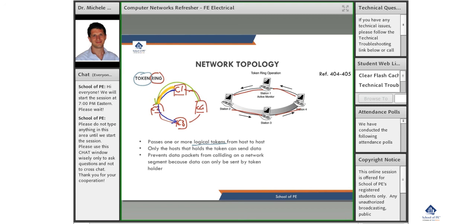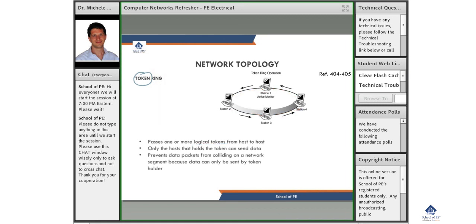If c2 has nothing to say, it passes the token to c3, and so on until it reaches c4, and then c4 can start its communication. So token ring topology is really a ring where everybody cooperates in forwarding messages, but being a ring, it is a shared resource.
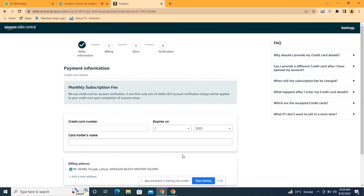On the next page, provide your payment information. Enter your credit card number, expiry date, cardholder name, and billing address. If your billing address is the same as your residential address, use the same address. If different, click 'Add a New Address.' You can also use a debit card if you don't have a credit card. Keep in mind your credit or debit card must be activated for e-commerce and online payments so Amazon can deduct its fee.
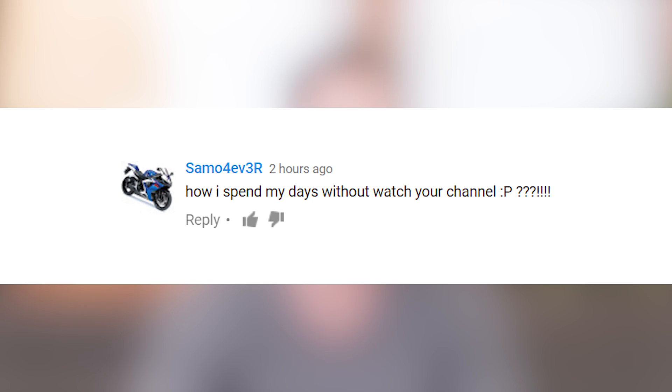How do I spend my days without watching your channel? Probably just re-watching this channel. Get your friends to watch it, or have a book club where this channel is the teaching point and you just talk about it.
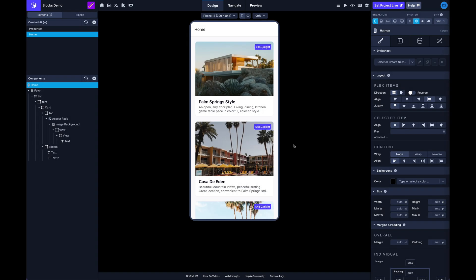Hey what's up everybody, it's David from DraftBit and we've just released a big update to our blocks feature that I'm really excited to show you.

YOUR ASSIGNMENT >> Output the data exactly, pictures omitted.

RESULT OF THE TASK >>
If c2 has nothing to say, it passes the token to c3, and so on until it reaches c4, and then c4 can start its communication. So token ring topology is really a ring where everybody cooperates in forwarding messages, but being a ring, it is a shared resource.
On the next page, provide your payment information. Enter your credit card number, expiry date, cardholder name, and billing address. If your billing address is the same as your residential address, use the same address. If different, click 'Add a New Address.' You can also use a debit card if you don't have a credit card. Keep in mind your credit or debit card must be activated for e-commerce and online payments so Amazon can deduct its fee.
How do I spend my days without watching your channel? Probably just re-watching this channel. Get your friends to watch it, or have a book club where this channel is the teaching point and you just talk about it.
Hey what's up everybody, it's David from DraftBit and we've just released a big update to our blocks feature that I'm really excited to show you.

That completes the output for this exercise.